Mashed applications empower individuals by integrating different knowledge, sometimes in ways not imagined. Fantastic. But such a concoction can have a life of its own, and without supervision, cause confusion and disappointment.

Panayiotis Periorellis notes that mash applications, known formally as a "system of systems," can be unstable. Consider the case of the travel website, which brings together hotel, airline and insurance offerings. One can integrate systems from different sources, but the goals of these sources are different, and can potentially change without notice. Something as simple as the length of notice to cancel a reservation can differ. From the users' point of view, they are dealing with a single entity, the travel website, and expect a predictable and uniform experience. But the single entity can be a mirage.

I expect the usability issues arising from systems of systems will become increasingly important in the future. Mashed applications offer a lot, but will need to deliver what they promise.

Sunday, April 02, 2006

 

remote UCD and the offshore factor

Looking over the latest CHI Interactions on Offshoring, I ask myself: Is usability about people, or data and specifications? That is the perhaps the central question when looking at how global outsourcing might affect usability over the next five or ten years.

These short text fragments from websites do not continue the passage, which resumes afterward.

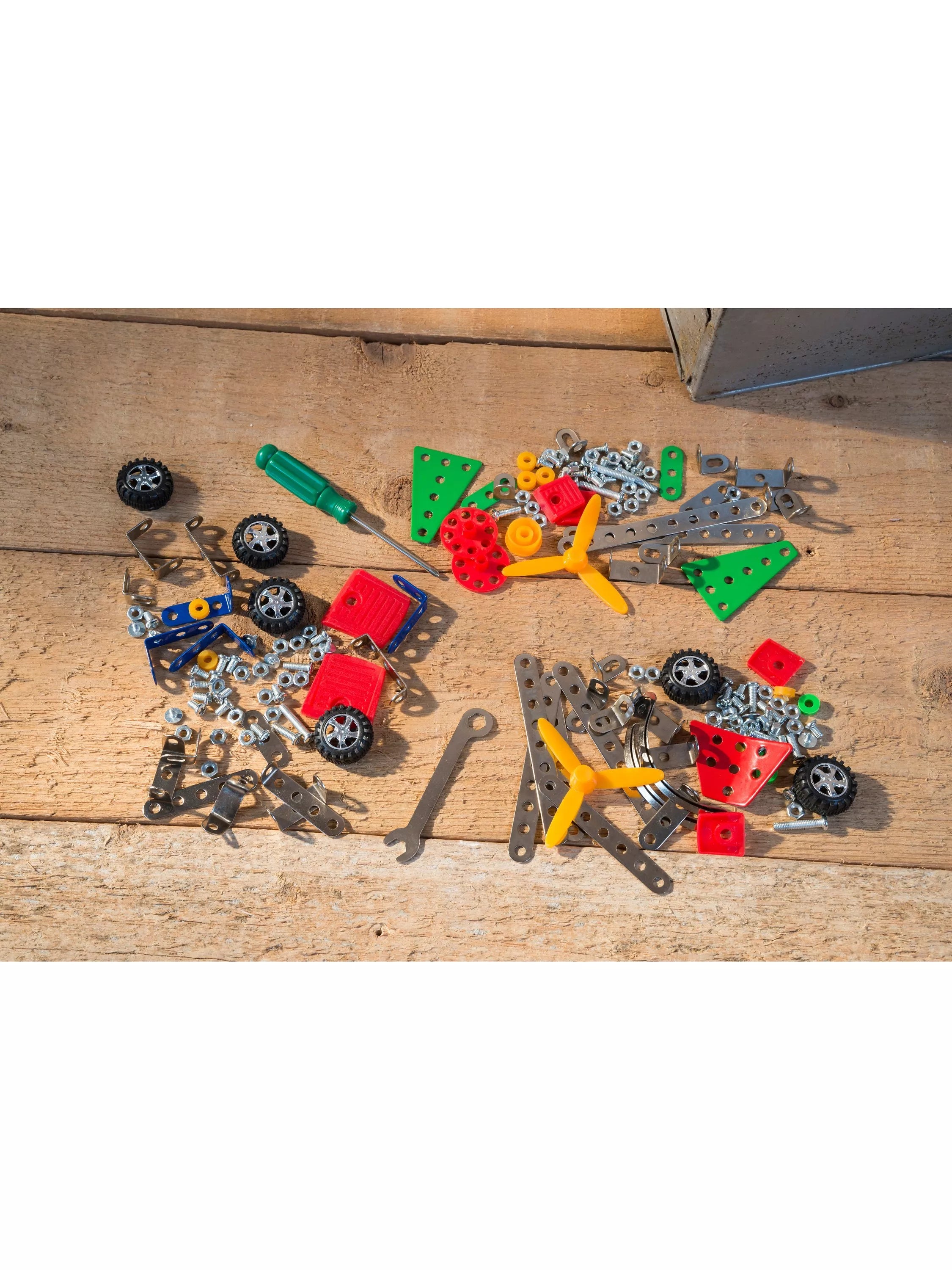 Apples to Pears mini mechanic build kit in tin, UK version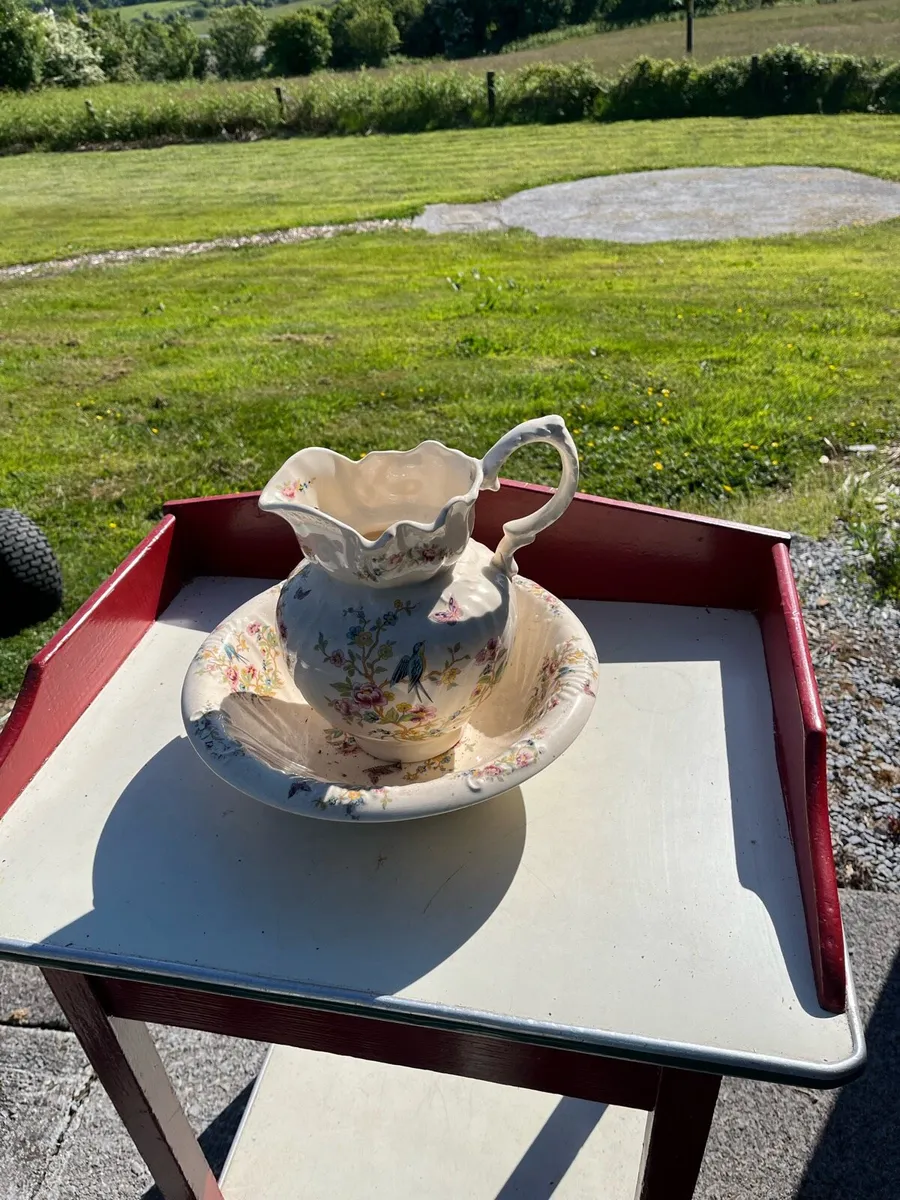 Vintage washing unit including jug and bowl. - Image 2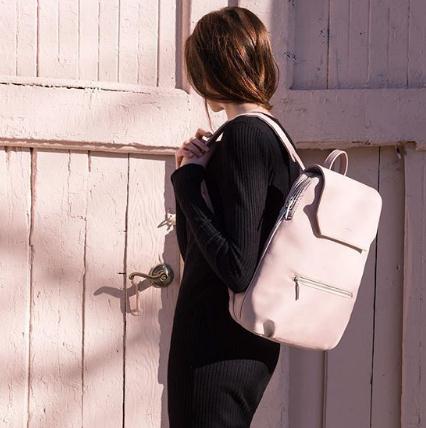 小众又高级的双肩包,小众高级感双肩包有坠感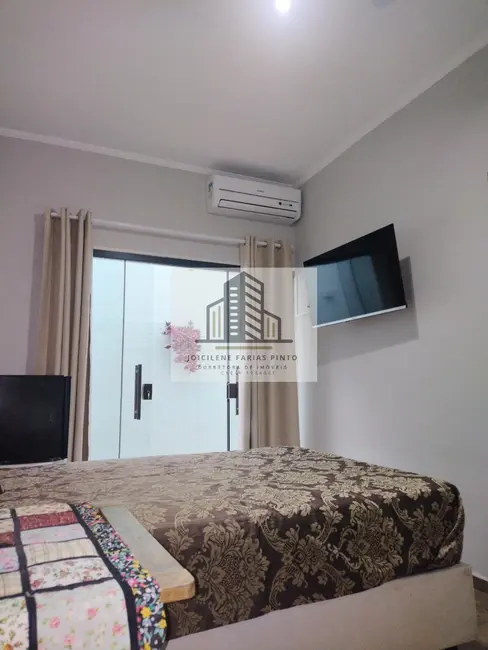 Casa para alugar em Itanhaem - SP - imagem 1 Foto 1 de Casa para alugar em Itanhaem - SP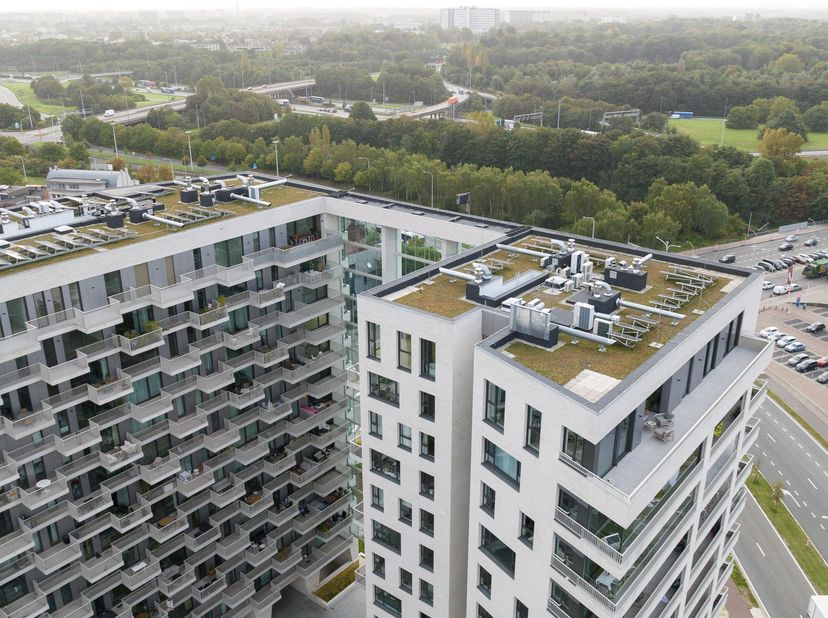 Dit frisse nieuwbouwappartement maakt deel uit van een nieuw gezicht aan de Antwerpse skyline. Het project omvat 207 appartementen die ondergebracht z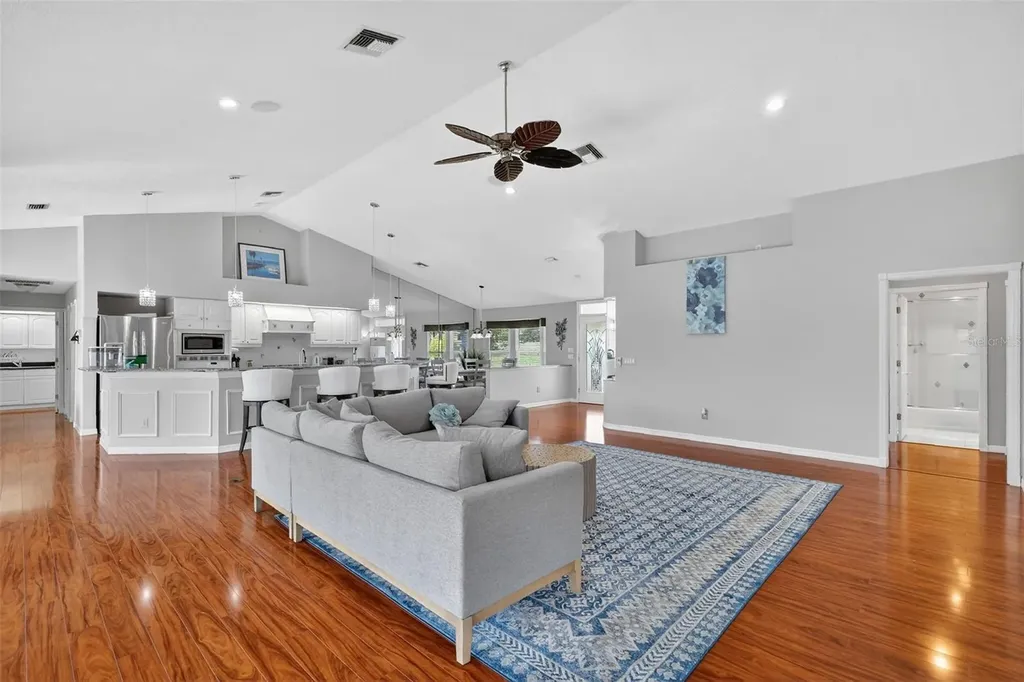 39125 Tacoma Drive Lady Lake FL 32159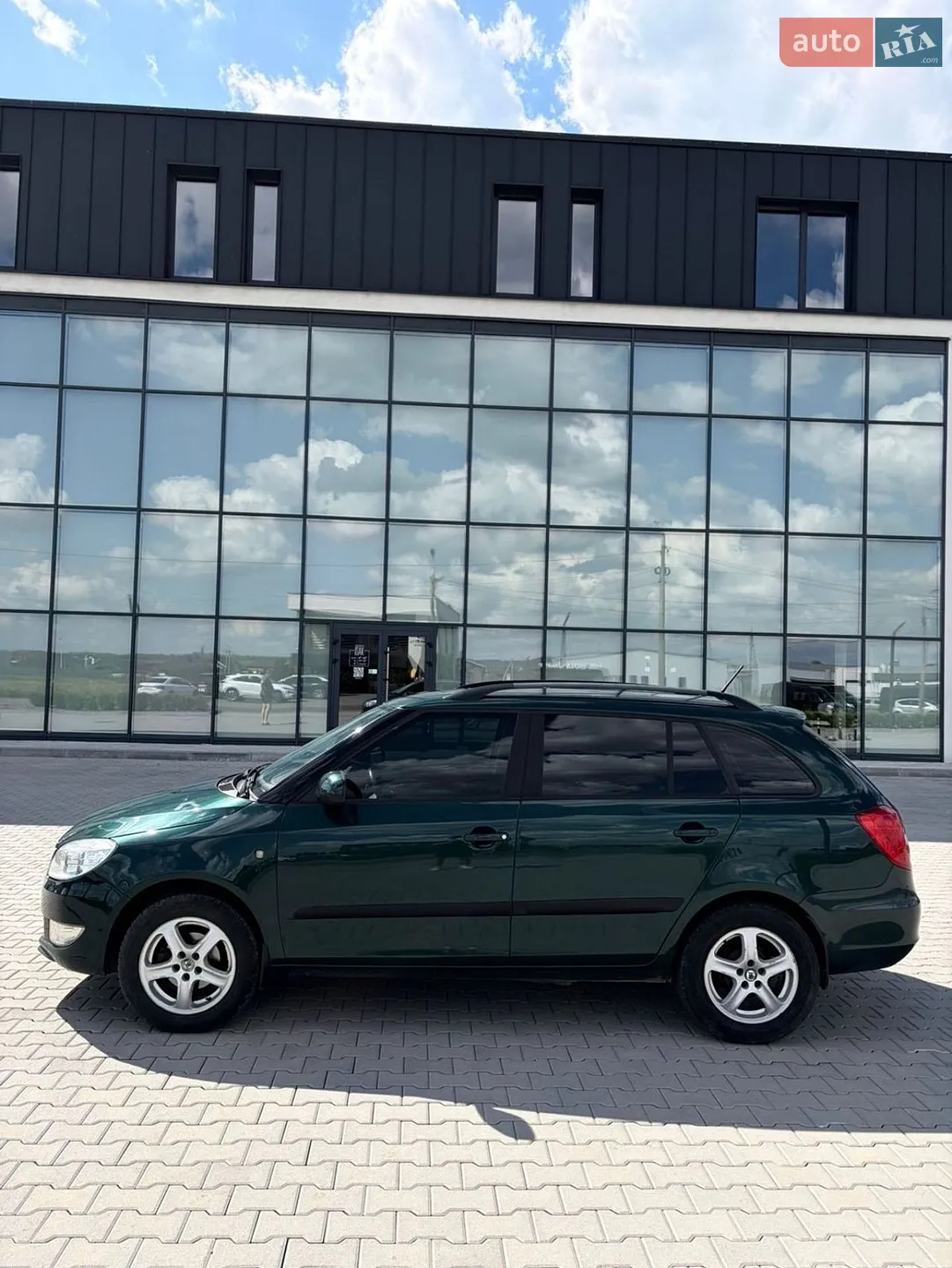 2011 Skoda Fabia - мініатюра 3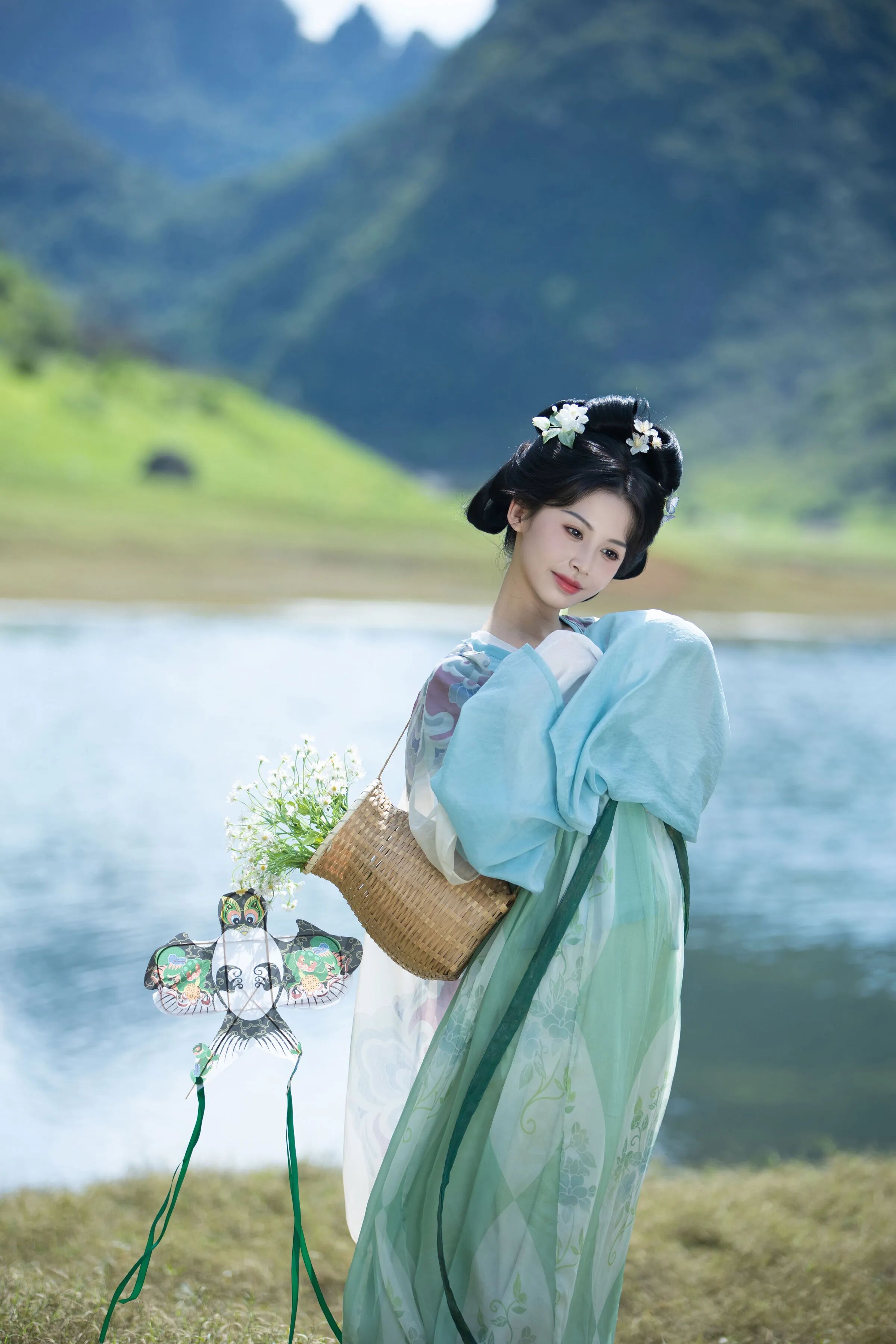 半身特写，衣袖合拢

Princeton economist Alan Blinder believes the only jobs immune from offshoring are those where hands-on or face-to-face contact is essential. Many standardized jobs can nearly as easily be done offshore by people following detailed predictable procedures. Onshore jobs will be "in the delivery of services where personal presence is either imperative or highly beneficial. Thus, the U.S. workforce of the future will likely have more divorce lawyers and fewer attorneys who write routine contracts." (see, for example, Will Your Job Survive?)

If one sees usability primarily has the collection and analysis of quantifiable data on user behavior, outsourcing these tasks seems possible, given adequate infrastructure. There are numerous firms selling click stream solutions to track user behavior, and VPN technologies are sure to improve to allow better self-administered user tests. There are even a few companies developing remote elicitation tools to collect data on user wants or mental models, to provide some raw data to shape new designs.

For "mature" user interfaces, where a system of specifications has been defined extensively, offshore designers can design variants without problem. Modularity in UIs is good design practice, and makes it easy for third parties to create new UIs consistent with existing ones.

There are inexorable pressures on user interface design to develop practices that yield more predictability, reusability, and speed to the production of user interfaces. These pressures are driving the creation of in-house corporate, and industry-wide standards. And standards are the lifeblood of the outsourcing industry. If a process can be standardized, it can be outsourced.

Despite the pressures to define standards, there are many, many things about UI design that remain, and will likely remain, messy. Usability professions are like divorce lawyers, and UCD practitioners like psychotherapists soothing the traumatized divorcee. People a want to be happy, and formulaic standardized responses will not offer them the satisfaction they seek to embark on a new, happier life with a new technology.

Telecommunications doesn't seem likely to displace the face-to-face communication needed to understand the why of an issue. Self administered questionnaires and remote discussions are hardly a robust source for insight. Innovation is a counterbalance to standardization. Innovation can be augmented by telecommunications, but face-to-face discussion seems vital.

While I fully expect an offshore aspect to UCD to develop, I also believe that context is too crucial for offshore usability to become a full fledged alternative to onsite usability.